Suppose $(A_i,\tau_i)$ are topological spaces for $i \in I$ we denote the product topology as $(\Pi A_i, \tau_p)$ and $\pi_i$ denotes the $i_{th}$ projection map.
Now I need to show that the cone $(\pi_i: (\Pi A_i,\tau_p)\rightarrow A_i)_{i\in I}$ is a terminal cone for the family of objects (topological spaces) $(A_i)_{i\in I}$ in $\text{Top}$. By Terminal cone I mean that for any other cone $(f_i: (Y,\sigma)\rightarrow A_i)_{i\in I}$ there is a unique morphism $h:(Y,\sigma)\rightarrow (\Pi A_i,\tau_p)$ such that $\pi_i h = f_i$.

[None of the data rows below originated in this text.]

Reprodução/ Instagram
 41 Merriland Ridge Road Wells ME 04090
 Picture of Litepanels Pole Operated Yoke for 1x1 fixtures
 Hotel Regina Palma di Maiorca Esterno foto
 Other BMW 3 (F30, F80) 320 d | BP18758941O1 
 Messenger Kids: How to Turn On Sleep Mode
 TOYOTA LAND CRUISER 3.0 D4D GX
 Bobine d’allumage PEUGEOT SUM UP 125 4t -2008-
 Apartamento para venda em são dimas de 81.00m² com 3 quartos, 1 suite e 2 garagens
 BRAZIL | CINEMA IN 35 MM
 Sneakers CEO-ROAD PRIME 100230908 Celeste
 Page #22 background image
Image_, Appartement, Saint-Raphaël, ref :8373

My idea here is to take $h$ as the evaluation map, where $h(y)$ has $i_{th}$ component $f_i(y)\in A_i$. We have $h$ is continuous (and so is in fact a morphism) and $\pi_i (h (y)) = f_i(y)$ by definition. This says that $(\pi_i: (\Pi A_i,\tau_p)\rightarrow A_i)_{i\in I}$ is a terminal cone and hence is a product in $\text{Top}$.
Is this reasoning correct?